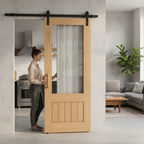 Internal Sliding Door with Obscure Lined Clear Glass - Unfinished Oak, Top-Mounted Track, Ideal for Modern Interiors -...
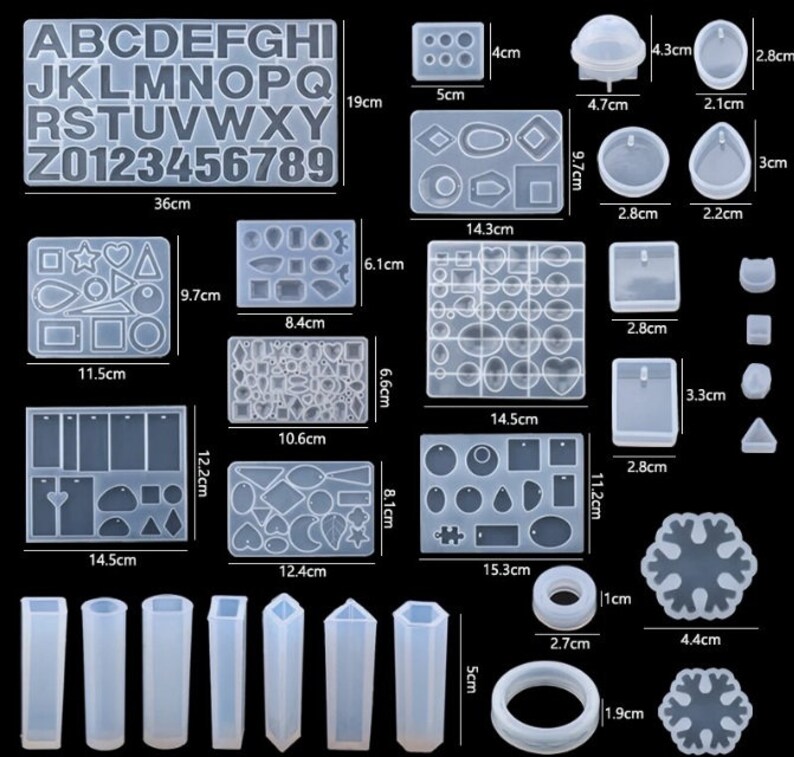 Mega Resin Kit Molds for Beginners Silicone Mold Set Casting Etsy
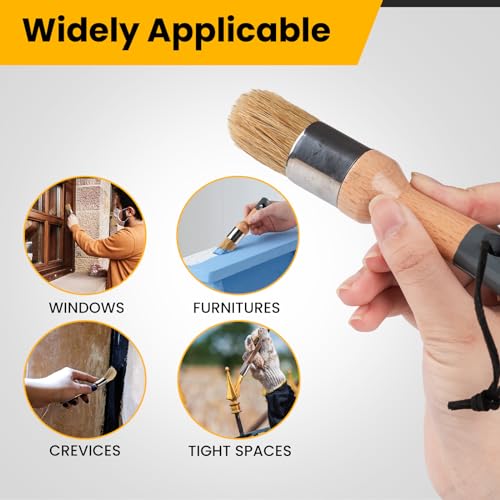 Chalk Paint Brush, 2 Pack Wax Brushes with Natural Bristle - size: Small Round, 2 Pack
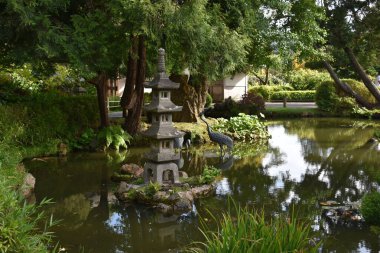 Ueno, Tokyo, Japonya 'da gölcüklü ve fenerli Japon bahçesi
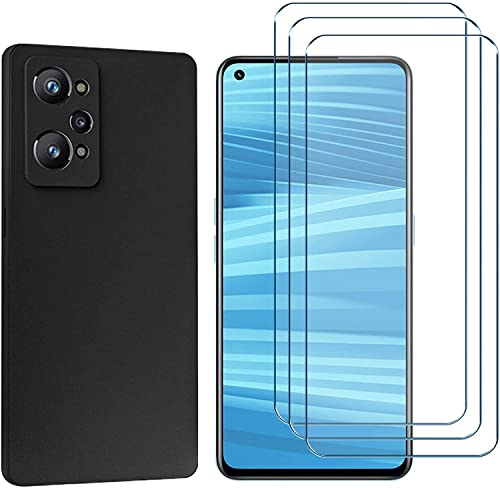 NUCNOK Hülle für Realme GT 2/Realme GT Neo 2,Slim TPU Ultra-dünne Weiche Silikon Schutzhülle,[Fallschutz rutschfest Anti-Kratzer] + [3 Stück] Panzerglas Schutzfolie für Realme GT 2/Realme GT Neo 2 von NUCNOK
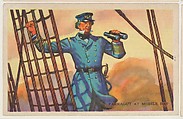 Farragut at Mobile Bay, bakery card from the Frontiers of Freedom series (D39-4), issued by the Gordon Bread Company, Gordon Bread Company American, Commercial color lithograph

→ About this exercise: Copy exactly, with no pictures, the lines from the line containing "Ueno, Tokyo, Japonya" through the last line of the records above.

→ Answer to this problem:
 Ueno, Tokyo, Japonya 'da gölcüklü ve fenerli Japon bahçesi
 NUCNOK Hülle für Realme GT 2/Realme GT Neo 2,Slim TPU Ultra-dünne Weiche Silikon Schutzhülle,[Fallschutz rutschfest Anti-Kratzer] + [3 Stück] Panzerglas Schutzfolie für Realme GT 2/Realme GT Neo 2 von NUCNOK
 Farragut at Mobile Bay, bakery card from the Frontiers of Freedom series (D39-4), issued by the Gordon Bread Company, Gordon Bread Company American, Commercial color lithograph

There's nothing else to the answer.